あこがれは“極妻” 中越典子が「悪の教典」でつかんだ手ごたえ
2012年10月19日 09:00
[映画.com ニュース] 「海猿」シリーズで国民的ヒーロー・仙崎大輔を演じてきた伊藤英明が、新作映画「悪の教典」で、想像を絶する悪役──人気教師にしてサイコパスの蓮実聖司という意外な役に挑んでいる。その映画の序章として蓮実の過去が描かれるドラマ「悪の教典-序章-」で、蓮実の魔の手に落ちてしまうヒロインを演じる中越典子が、蓮実がどれほど魅力的で恐怖的な存在なのかを語った。(取材・文/新谷里映、写真/本城典子)
中越が演じるのは、蓮実が勤務する高校に新しく赴任してくる、スクールカウンセラーの水落聡子教諭。教師からも生徒からも信頼され、人気のある蓮実に好意を持つが、その裏にはゾクッとする別人が潜んでいる。
「蓮実先生は私の演じる聡子の前では誠実で真摯な男性なんですが、もの凄く裏の顔があって……。表の顔は優しくて真摯であるだけに、より恐ろしさを感じてしまうんですよね。そんな蓮実先生にまんまと騙されていく、落とされていく聡子という女性は、(演じるにあたって)すごく興味深かったです。ただ、ドラマでは蓮実先生のあからさまな狂気を見せきらない。ドラマで狂気を匂わせて、映画で明らかになる。(映画につながる)意味のある深い作品であるからこそ、水落聡子を演じることに気合いが入りました」。役者のスイッチを押してくれる役だったと語り、蓮実役の伊藤のパワフルさにも「圧倒された」と振り返る。
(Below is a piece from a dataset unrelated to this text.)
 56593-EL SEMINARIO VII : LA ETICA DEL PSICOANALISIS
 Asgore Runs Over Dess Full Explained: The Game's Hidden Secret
「伊藤さんは完全に蓮実を自分のものにしていて、蓮実だったらこうするよね? こういうことしないよね? この作品に興味を持ってもらうには……と、役に関しても作品に関しても深く読み込んでいました」。撮影現場での伊藤の存在感、役へのこだわりは相当のもので、作品にかける熱い思いは自然とキャスト、スタッフに伝播していった。また、蓮実の悪の顔が際立って映し出されるのは、「伊藤さんが『海猿』を何年もやり続けた人だから裏切りが響いてくると思うんです。そういう意味でも伊藤さんにとってこの作品はとても大切な作品。だから熱かった! 本当に熱かったですね」と説明する。その言葉の裏には、役者として熱くなれる役にめぐりあえる「羨ましさ」も含まれ「私も役者として裏切っていきたい」と、瞳の奥にギラッとした輝きが浮かぶ。そして、挑戦したい役があるのだと熱い思いを口にする。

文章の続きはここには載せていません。